In 1569 to this same youth upon the Sinicha hill, there appeared an Hodegetria icon of the Mother of God upon a pine-tree. Timothy spent forty days at this place in fasting and prayer. The miraculous voice from the icon commanded, that the clergy and the people should come to the Sinicha heights with the Umilenie-Tenderness icon on the Friday, following the Sunday of All Saints. When the church procession, made at the command of the Mother of God, reached the hill and began the molieben, at the time of the reading of the Gospel there suddenly shone a light, the air was filled with fragrance and everyone saw upon the pine-tree the Hodegetria icon. Both holy icons, the Hodegetria and the Umilenie, were put into the church of the GreatMartyr George. From them began many miraculous signs and healings, about which reports were made to tsar Ivan IV. Through his ukaz-decree, upon the Sinicha Hill – called from that time the “Svyata” (“Holy”), there was built a chapel, into which were transferred the wonderworking icons. But soon, on the feastday of the Pokrov-Protection of the MostHoly Mother of God, when a church procession with icons was made to Holy Hill, the chapel that night suddenly burned.

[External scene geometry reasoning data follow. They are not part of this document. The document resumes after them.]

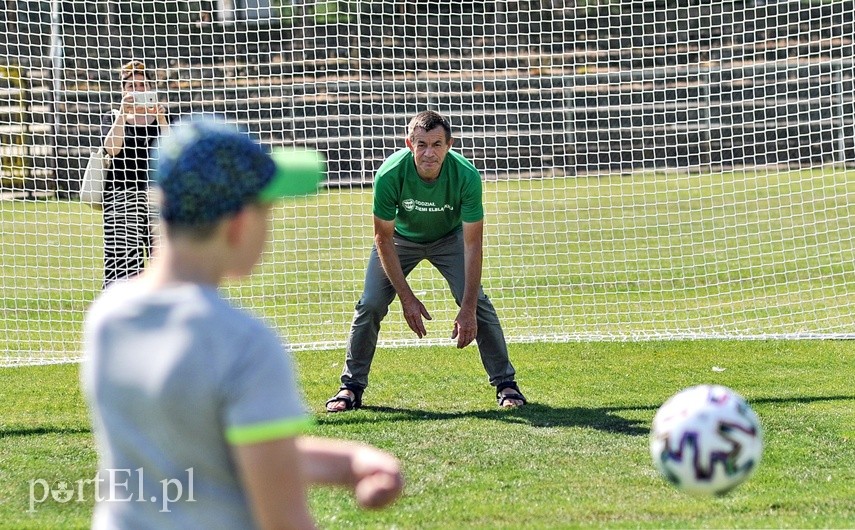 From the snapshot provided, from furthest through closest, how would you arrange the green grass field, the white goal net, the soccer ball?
the white goal net < the green grass field < the soccer ball

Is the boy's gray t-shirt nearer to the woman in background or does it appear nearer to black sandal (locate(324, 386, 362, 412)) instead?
black sandal (locate(324, 386, 362, 412))

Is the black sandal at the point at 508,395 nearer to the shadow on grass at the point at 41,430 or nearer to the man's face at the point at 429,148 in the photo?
the man's face at the point at 429,148

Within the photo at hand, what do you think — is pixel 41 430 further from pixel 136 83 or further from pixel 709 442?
pixel 709 442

The fire destroyed everything else inside, but the holy things remained unharmed.

On this sacred spot they erected a stone church in honour of the Uspenie-Dormition of the MostHoly Mother of God, the altar of which was situated on the place where the Hodegetria icon had appeared. Both glorified icons were placed into the lower tier of the iconostas: the Hodegetria – on the right side (a chapel in honour of which was built in 1770), and the Umilenie – on the left (a chapel was built in 1776).

In that same year of 1569 on Svyata-Holy Hill was founded the Svyatogorsk (“Holy-Hill”) Uspenie monastery.

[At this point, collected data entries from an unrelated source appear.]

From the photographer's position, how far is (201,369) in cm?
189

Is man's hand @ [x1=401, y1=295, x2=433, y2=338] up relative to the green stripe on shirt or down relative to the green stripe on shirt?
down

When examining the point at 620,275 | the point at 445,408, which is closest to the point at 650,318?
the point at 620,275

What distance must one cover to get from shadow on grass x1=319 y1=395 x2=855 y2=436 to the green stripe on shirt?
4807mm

Annually on the 1st Friday of the Peter and Paul Lent, the icons are conveyed to the Trinity cathedral of the city of Pskov, and on the following Sunday there is made a procession with them along the inner walls of the city.

The celebration in honour of the Umilenie icon is made on 19 March and on the 9th Friday after Pascha, and in honour of the Hodegetria – on 17 July and on the day of the Pokrov-Protection of the MostHoly Mother of God (i.e. 1 October).